Force of kinetic friction:
f_k = μ_kn

Horizontal force of acceleration in the x-direction/Value of the bottom leg of the triangle:
F_{acceleration-x} = F_a(cos θ)
F_{acceleration-x} = 85(cos 55)
F_{acceleration-x} = 48.75 N

Normal force n (value of the upright, vertical leg of the triangle):
n = F_{acceleration-y}(sin θ) + mg
n = 85(sin 55) + (3.40 kg)(6.00 m/s²)
n = 69.62 + 20.4
n = 90.02 N

f_k = μ_kn
48.75 = μ_k(90.02)
48.75/90.02 = μ_k
0.541 = μ_k

aksjflkjadsfjds -____-
Help?

 

[riseofphoenix]

A 3.40 kg block is pushed along the ceiling with a constant applied force of 85.0 N that acts at an angle of 55.0° with the horizontal, as in the figure below. The block accelerates to the right at 6.00 m/s2. Determine the coefficient of kinetic friction between block and ceiling
-----------------------
It is accelerating, net Fx not zero.
The force applied is pressing the block to the ceiling.
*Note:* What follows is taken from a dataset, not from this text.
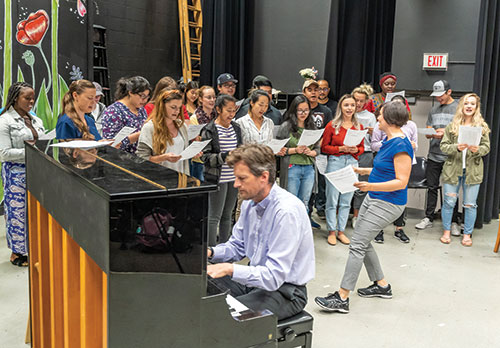EvCC biology instructors Greg Crowther (on piano) and Hilary Kemp lead microbiology students in an extra-credit singalong. Crowther wrote the original song "A Blaze of Glory" to help students understand how the body handles viruses, focusing on the difference between their extracellular stage and their intracellular stage.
The weight is pulling it away.
I got this value - 0.78093138

You were completely wrong.
Net force doesn't equal 6.
Thanks for nothing.

 

[azizlwl]

You were completely wrong.
Net force doesn't equal 6.
Thanks for nothing.

I not sure whether you read the question.
I just copy and paste the original question you posted and just underlined it.

 

[azizlwl]

A 3.40 kg block is pushed along the ceiling with a constant applied force of 85.0 N that acts at an angle of 55.0° with the horizontal, as in the figure below. The block accelerates to the right at 6.00 m/s². Determine the coefficient of kinetic friction between block and ceiling.

Here your original question and i underlined it.